# WORK REQUEST:
Exactly as written, output the lines below starting from the first and ending with the line that contains "Another difference is"; omit pictures.

# GIVEN RECORDS:
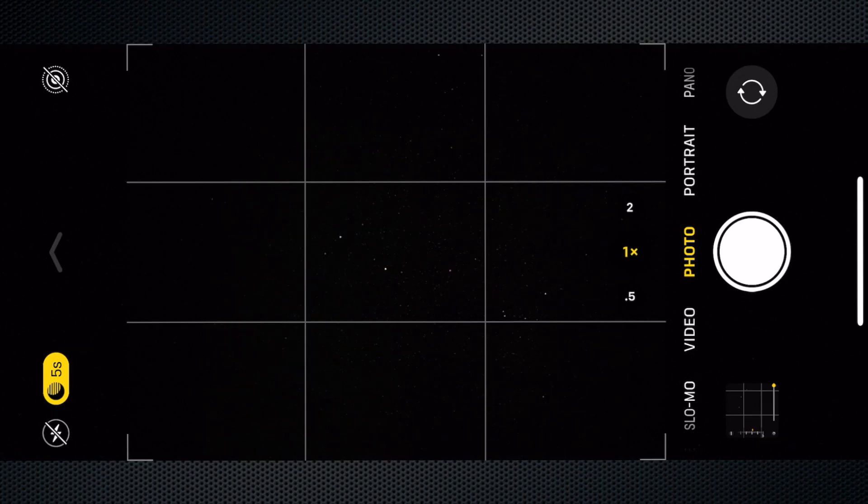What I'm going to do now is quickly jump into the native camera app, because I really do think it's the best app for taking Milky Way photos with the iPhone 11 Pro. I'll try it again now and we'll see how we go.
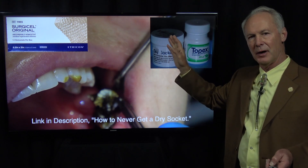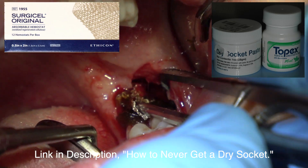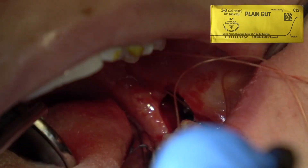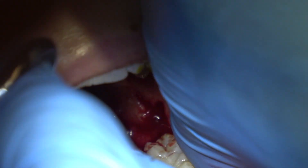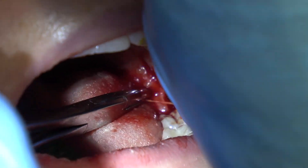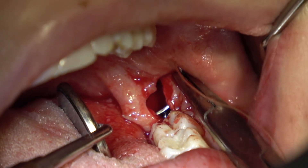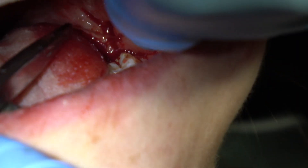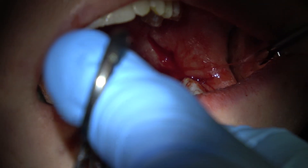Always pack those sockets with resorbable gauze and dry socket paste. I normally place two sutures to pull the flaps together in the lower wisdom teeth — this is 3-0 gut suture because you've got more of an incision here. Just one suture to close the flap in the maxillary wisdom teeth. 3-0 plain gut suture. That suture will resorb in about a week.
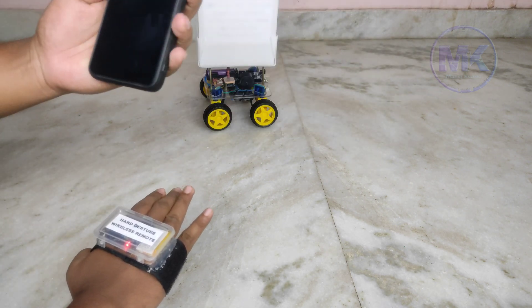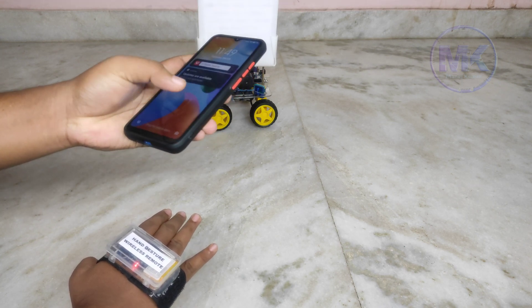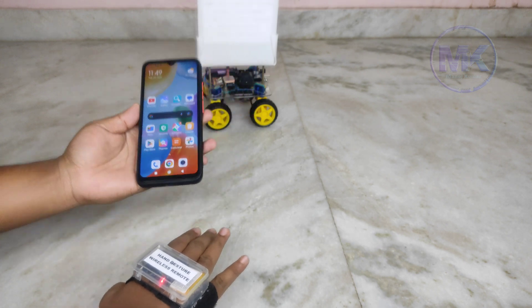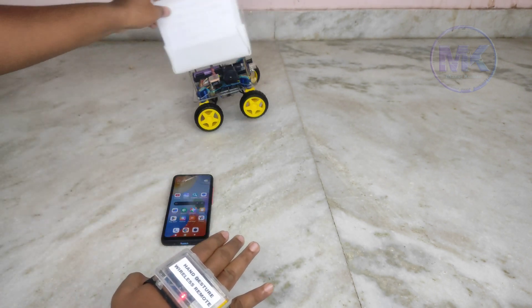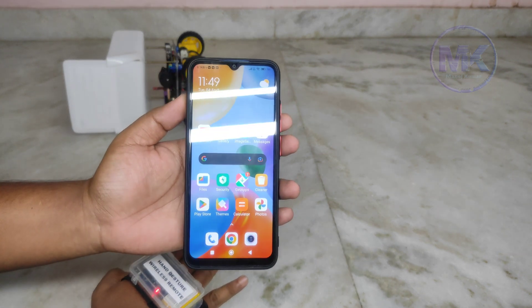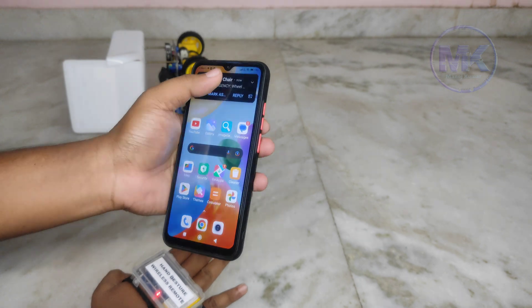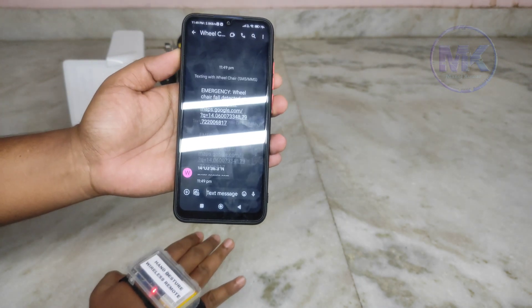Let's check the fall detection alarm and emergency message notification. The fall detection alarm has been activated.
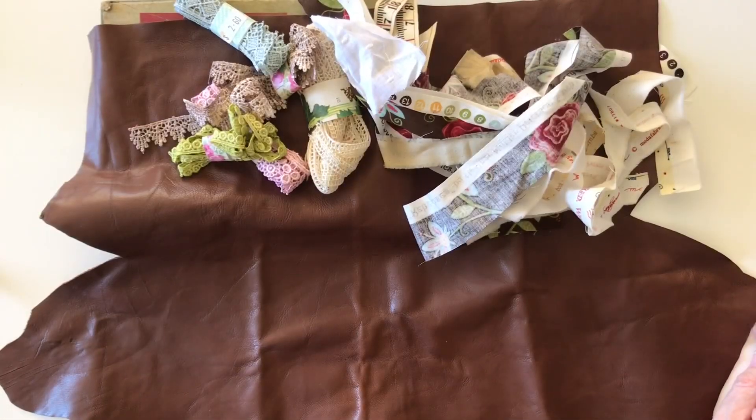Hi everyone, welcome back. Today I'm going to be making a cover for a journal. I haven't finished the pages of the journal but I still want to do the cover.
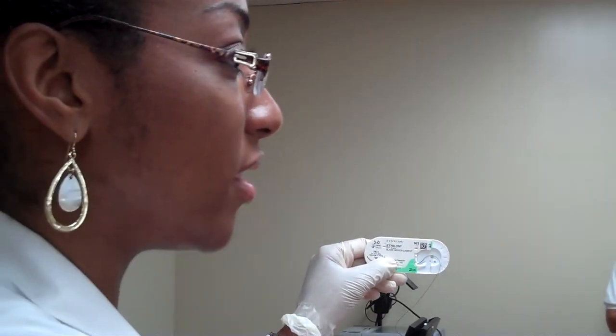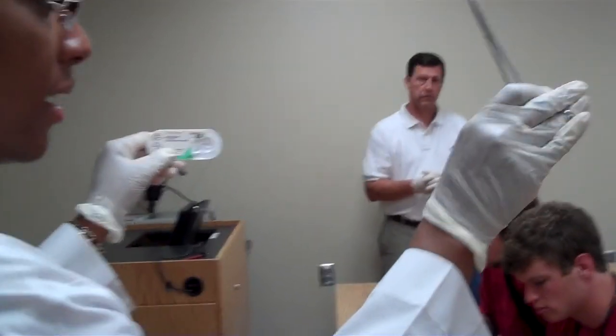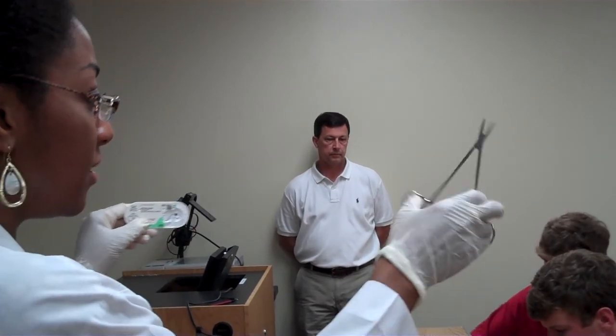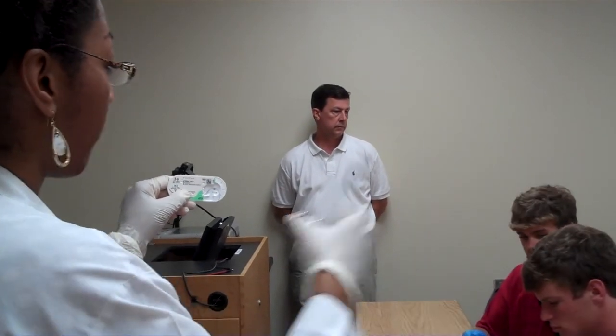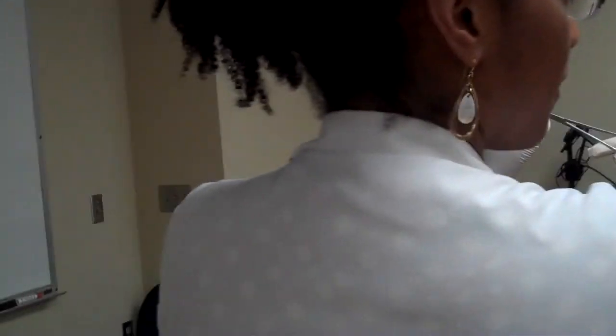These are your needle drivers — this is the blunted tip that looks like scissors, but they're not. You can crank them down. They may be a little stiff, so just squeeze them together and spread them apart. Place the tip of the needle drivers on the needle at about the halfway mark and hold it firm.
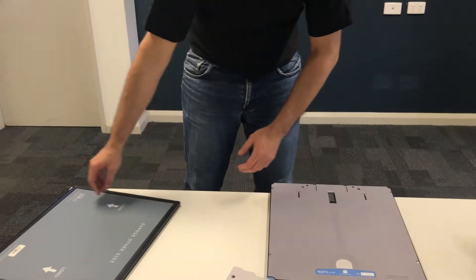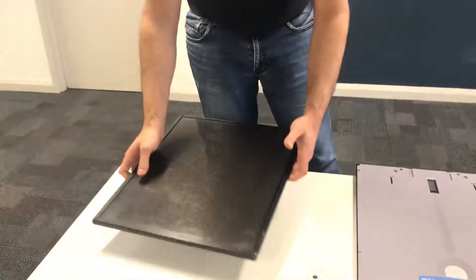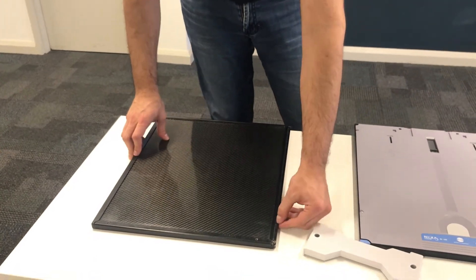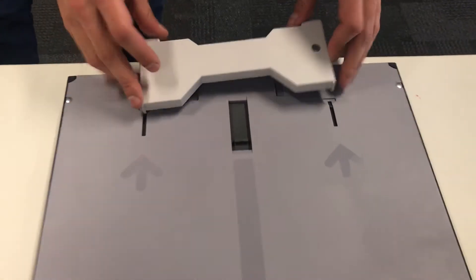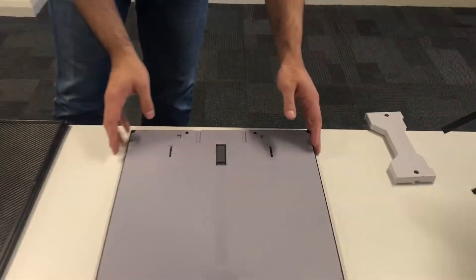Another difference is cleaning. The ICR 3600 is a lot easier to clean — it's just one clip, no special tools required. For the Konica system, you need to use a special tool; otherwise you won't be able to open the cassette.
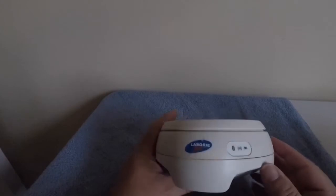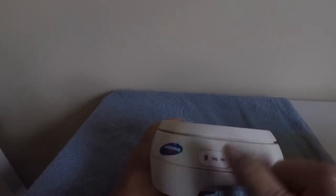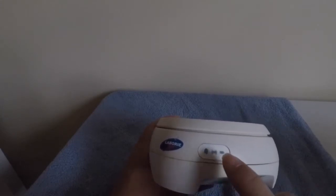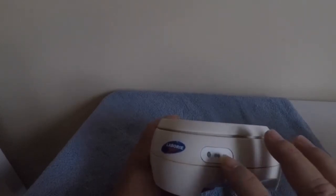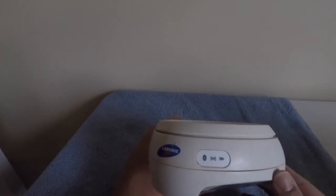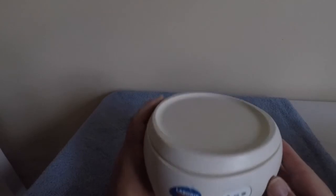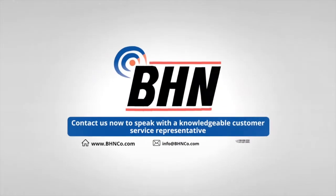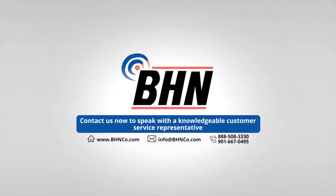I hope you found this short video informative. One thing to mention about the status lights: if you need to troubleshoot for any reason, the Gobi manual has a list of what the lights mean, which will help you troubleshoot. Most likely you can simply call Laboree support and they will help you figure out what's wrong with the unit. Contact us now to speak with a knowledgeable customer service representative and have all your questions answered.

# PROBLEM SOLUTION:
What I'm going to do now is quickly jump into the native camera app, because I really do think it's the best app for taking Milky Way photos with the iPhone 11 Pro. I'll try it again now and we'll see how we go.
Always pack those sockets with resorbable gauze and dry socket paste. I normally place two sutures to pull the flaps together in the lower wisdom teeth — this is 3-0 gut suture because you've got more of an incision here. Just one suture to close the flap in the maxillary wisdom teeth. 3-0 plain gut suture. That suture will resorb in about a week.
Let's check the fall detection alarm and emergency message notification. The fall detection alarm has been activated.
Hi everyone, welcome back. Today I'm going to be making a cover for a journal. I haven't finished the pages of the journal but I still want to do the cover.
These are your needle drivers — this is the blunted tip that looks like scissors, but they're not. You can crank them down. They may be a little stiff, so just squeeze them together and spread them apart. Place the tip of the needle drivers on the needle at about the halfway mark and hold it firm.
Another difference is cleaning. The ICR 3600 is a lot easier to clean — it's just one clip, no special tools required. For the Konica system, you need to use a special tool; otherwise you won't be able to open the cassette.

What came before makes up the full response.